Work to complete: Only one stretch of the data below is wanted: the lines starting at the one with "SONNY (Moanteen Sonny)" and ending at the one with "#Ghanaian Politician's Hypothetical", both included, given again exactly.

Dataset extract:

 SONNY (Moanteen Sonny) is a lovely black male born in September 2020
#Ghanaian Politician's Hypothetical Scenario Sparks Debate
---
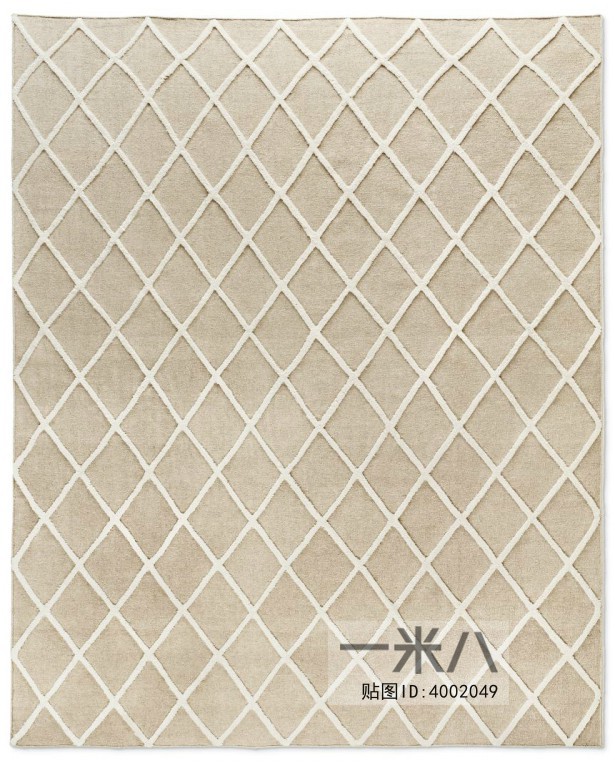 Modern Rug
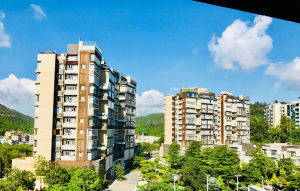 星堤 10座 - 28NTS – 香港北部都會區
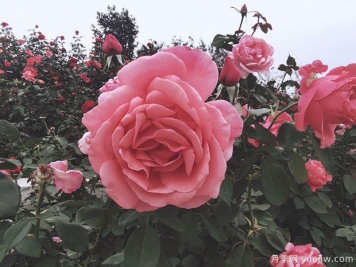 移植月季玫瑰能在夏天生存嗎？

Output:
 SONNY (Moanteen Sonny) is a lovely black male born in September 2020
#Ghanaian Politician's Hypothetical Scenario Sparks Debate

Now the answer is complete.